わりと面白く一息にすぐ読める本で、その点『流線型列車の時代』とは対照的です。ただそれを美点と言い切ってしまって良いのか、鉄道に関する説明はあっさりで、ちょっと物足りない読後感もありました。それは趣味の偏った鉄道趣味者のつけた因縁であって、昨今の「鉄道ブーム」にかこつけて、鉄道と昔の話に興味を持った(でも詳しくはない)層に向けて売る新書としては、妥当な方向性なのかも知れません。文学作品に書いてある鉄道ネタを綿密につつき回しすぎて読者を辟易させてしまった松下了平『シャーロック・ホームズの鉄道学』という本もありましたし(小生も以前サイトのネタに使いました)。
しかし、一方本書は文学評論という性格でもありませんで、この6人の作家を取り上げる理由が何か文学上の意義があるというわけでもなく、その作家の作品に及ぼした影響などを解説しているわけでもないので、どっち付かずな印象をも受けるわけです。
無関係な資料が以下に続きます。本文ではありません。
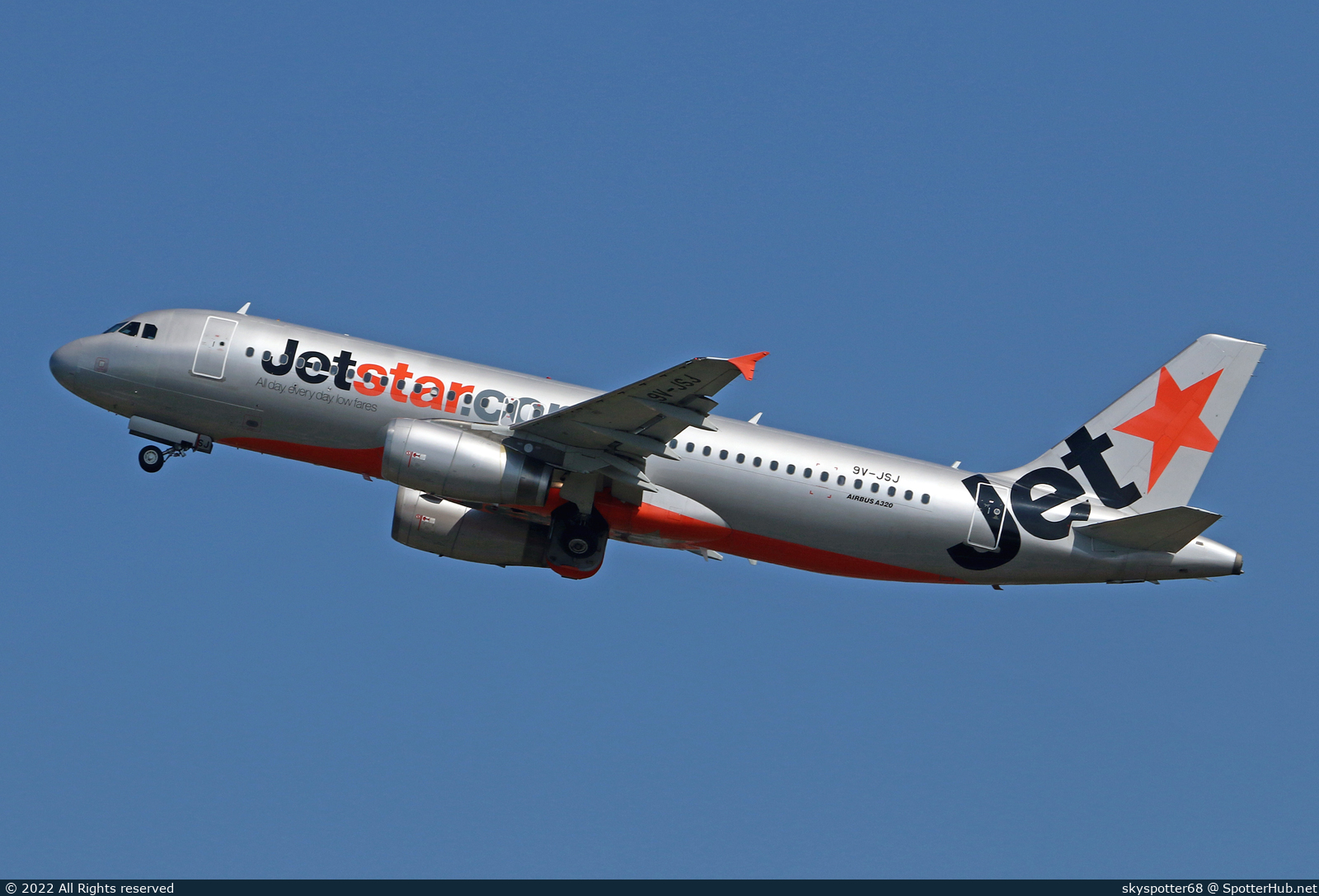 Photo of 9V-JSJ - Airbus A320-232 operated by Jetstar Asia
文学+鉄道という本を今から書くのが難しいのは、小池滋『英国鉄道物語』の水準の高さというのが一つあるかも知れません。
読んでいて首を傾げた箇所を一つ挙げれば、表題に銘打っている「大陸横断鉄道」のうち、アメリカのそれについて、「7ルートもあった北米大陸横断列車」という節を設け、その地図を載せています(p.197)。北からカナディアン・ナショナル(CN)、カナディアン・パシフィック(CP)、グレート・ノーザン(GN)、ノーザン・パシフィック(NP)、ユニオン・パシフィック(UP)、サンタフェ(SF)、サザン・パシフィック(SP)というわけです(サンタフェのフルネームはアチソン・トピーカ&サンタフェなので、略称はAT&SFと書く方が多いと思います)。
ですが、これでは2ルート欠けています。シカゴ・ミルウォーキー・セントポール&パシフィック(CMSTP&P or MILW)のルートと、ウェスタン・パシフィック(WP)およびデンヴァー&リオグランデ・ウェスタン(D&RGW)の連携によるルートです。なるほどこの2ルートは完成したのが遅い分マイナーかも知れませんが、著者の小島氏は前作『流線型列車の時代』でミルウォーキー鉄道やWPの列車を取り上げているので、ご存じなかったはずはないのですが。ミルウォーキー鉄道は流線型の超高速蒸気機関車を造ったり、ロッキー山越えの区間を延べざっと千キロも電化して当時世界最強クラスの電気機関車を走らせたり、そんな投資をしまくったせいでアメリカの鉄道の黄金時代だったはずの両大戦間に三度破産したり、話題も多そうな会社のはずです。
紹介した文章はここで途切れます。